### Required work:
Extract the lines beginning at the one that holds "Play MP4 - Squid" and ending at the final line of the material below, keeping them exact and leaving out all pictures.
======== Data provided
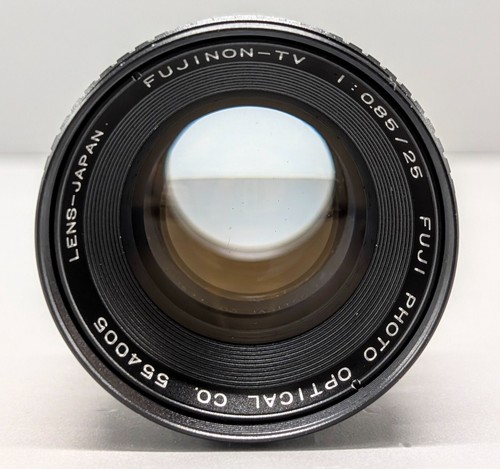Fujinon CF25L 25mm f0.85 C-mount lens mint in original package - Picture 7 of 9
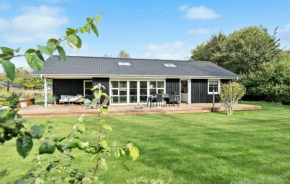 3 Bedroom Nice Home In Vejby Vejby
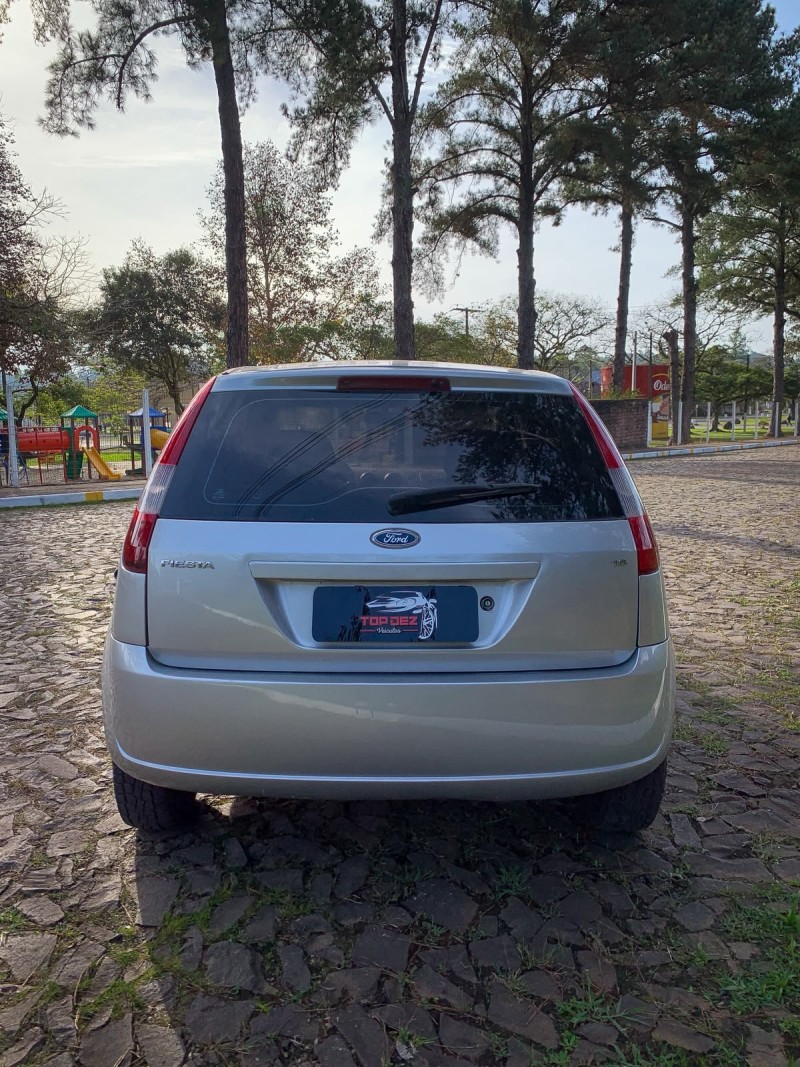 FIESTA 1.6 MPI STREET 8V GASOLINA 4P MANUAL - 2004 - SãO SEBASTIãO DO CAí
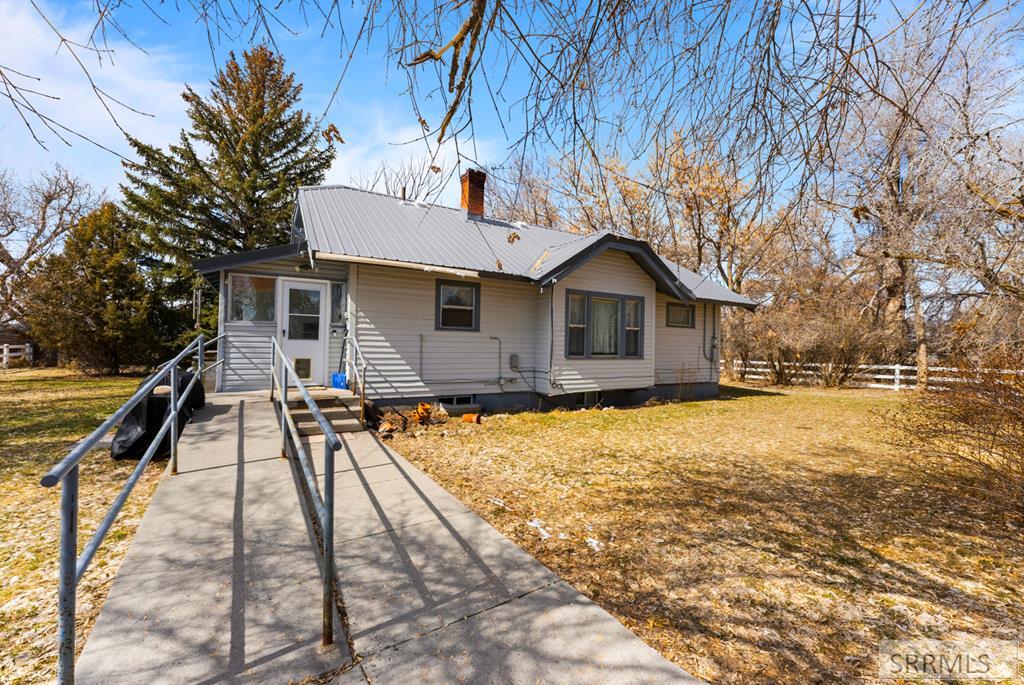 9673 N 75th E, IDAHO FALLS, Idaho image 1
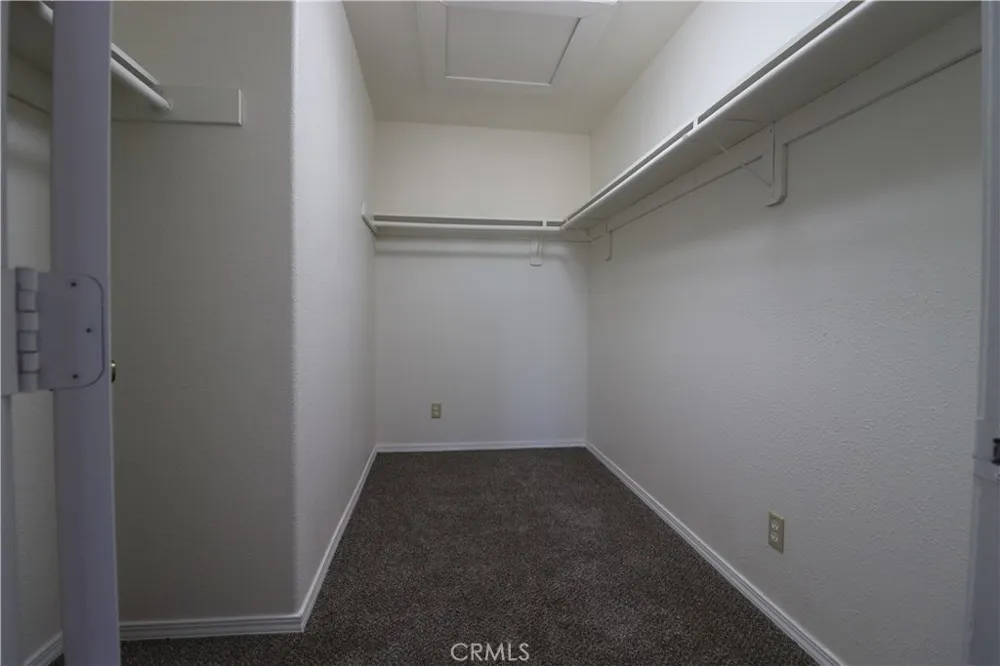 6966 Juniper 29 Palms, CA 92277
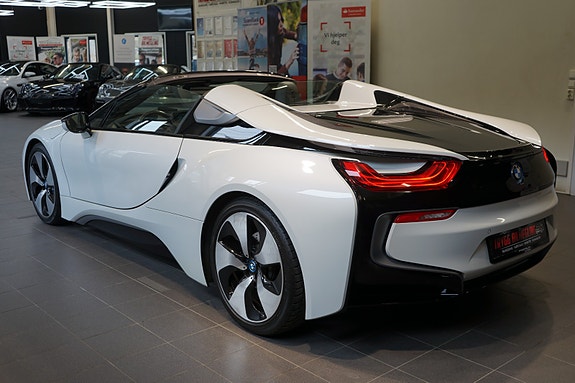 BMW i8 3 of 5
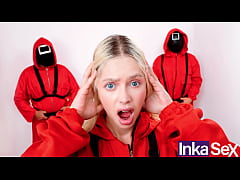 Play MP4 - Squid Game - Viv&iacute;an Lola brasilera es follada por el ano al no seguir las advertencias de sus jefes en juego del calamar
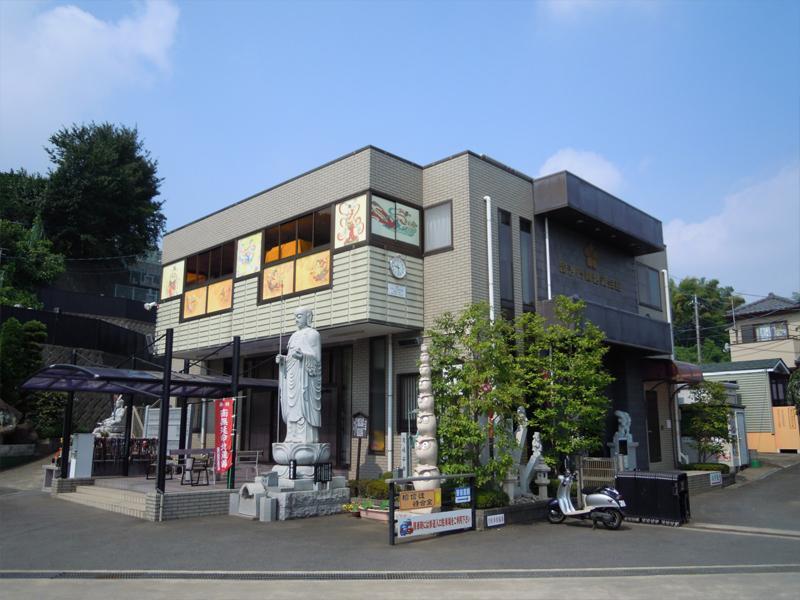 橘聖地第二蓮花浄苑　施設内の管理棟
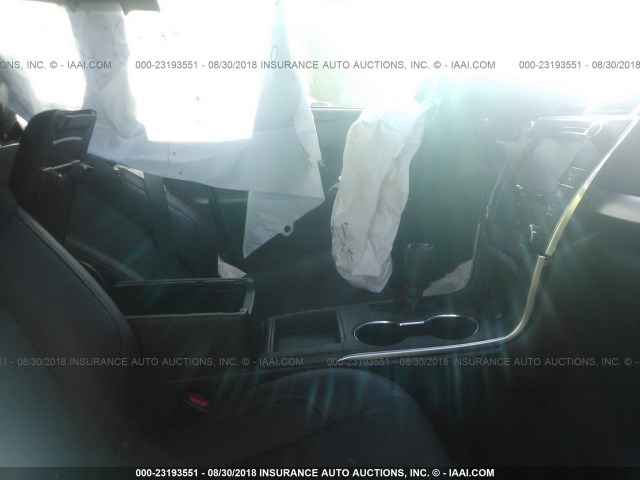 4T1BF1FK7HU359075 - 2017 TOYOTA CAMRY LE/XLE/SE/XSE 黑色 照片 5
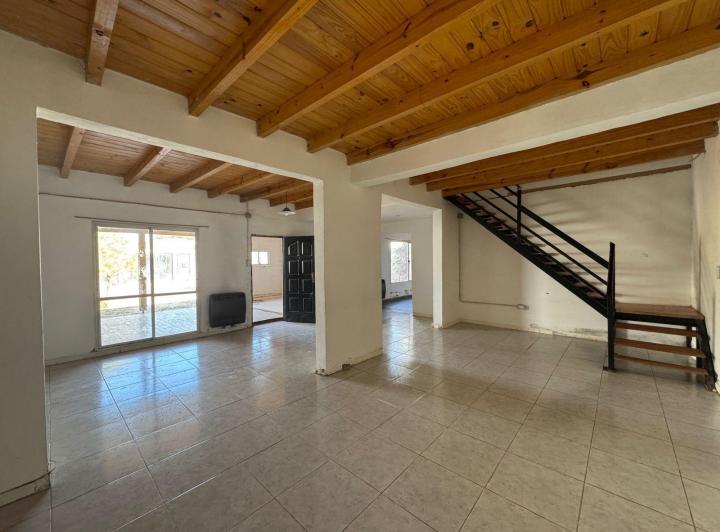 Casa en ALQUILER Centenario 1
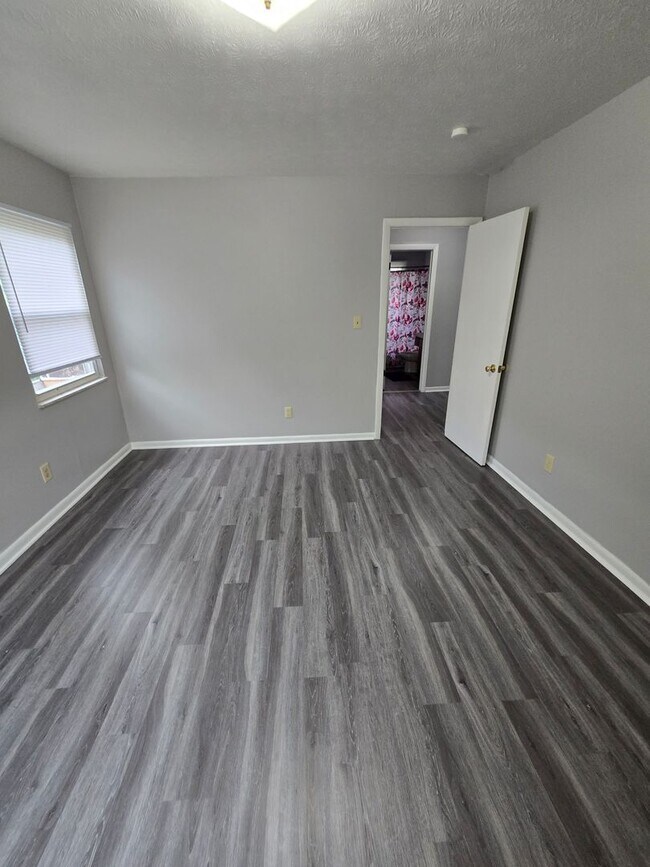 Building Photo - 3674-3680 SOUTH MCCARLEY DRIVE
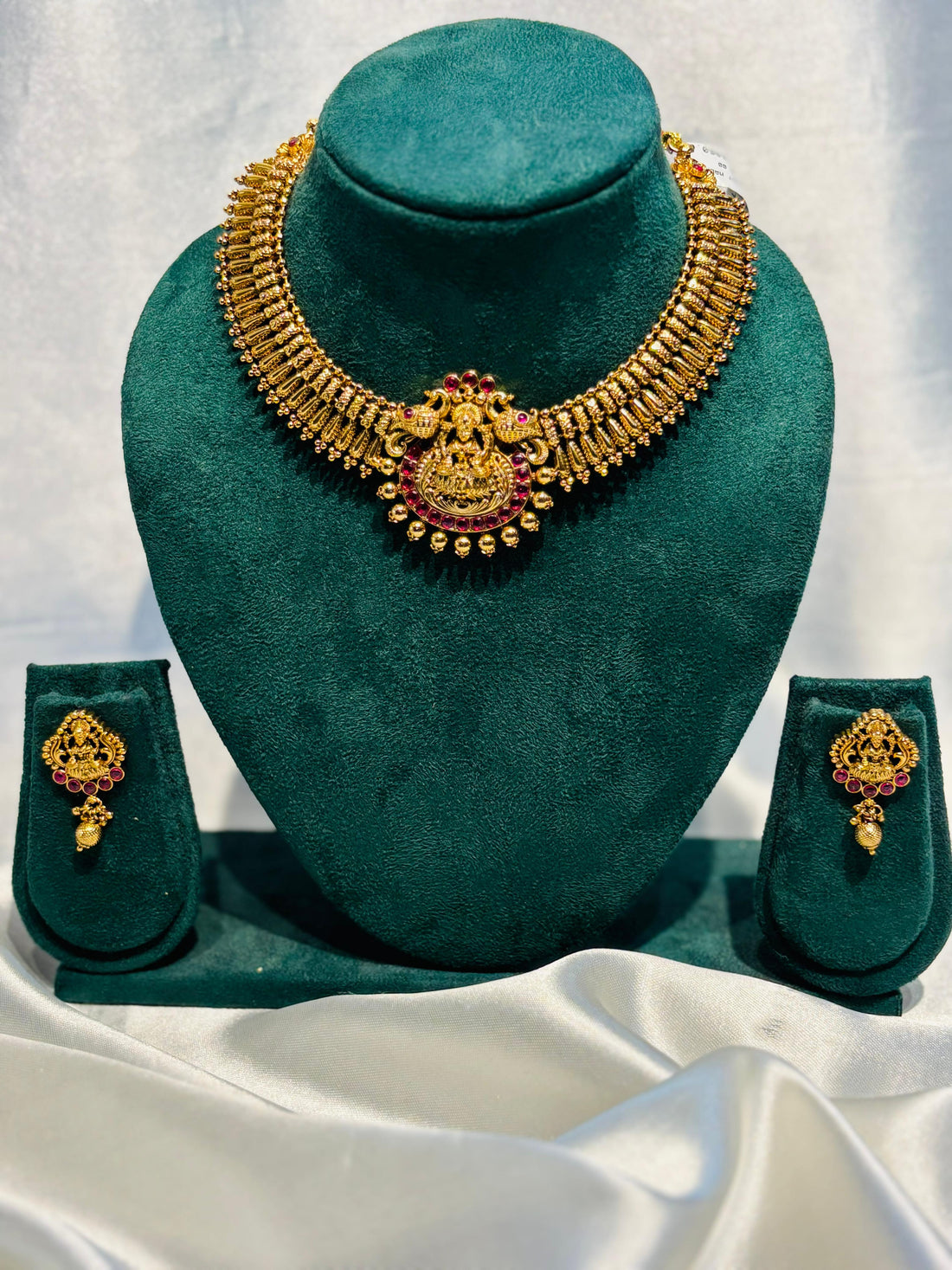 Traditional Necklace for Women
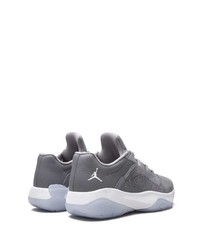 graue Sportschuhe von Jordan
================
### Result:
 Play MP4 - Squid Game - Viv&iacute;an Lola brasilera es follada por el ano al no seguir las advertencias de sus jefes en juego del calamar
 橘聖地第二蓮花浄苑　施設内の管理棟
 4T1BF1FK7HU359075 - 2017 TOYOTA CAMRY LE/XLE/SE/XSE 黑色 照片 5
 Casa en ALQUILER Centenario 1
 Building Photo - 3674-3680 SOUTH MCCARLEY DRIVE
 Traditional Necklace for Women
 graue Sportschuhe von Jordan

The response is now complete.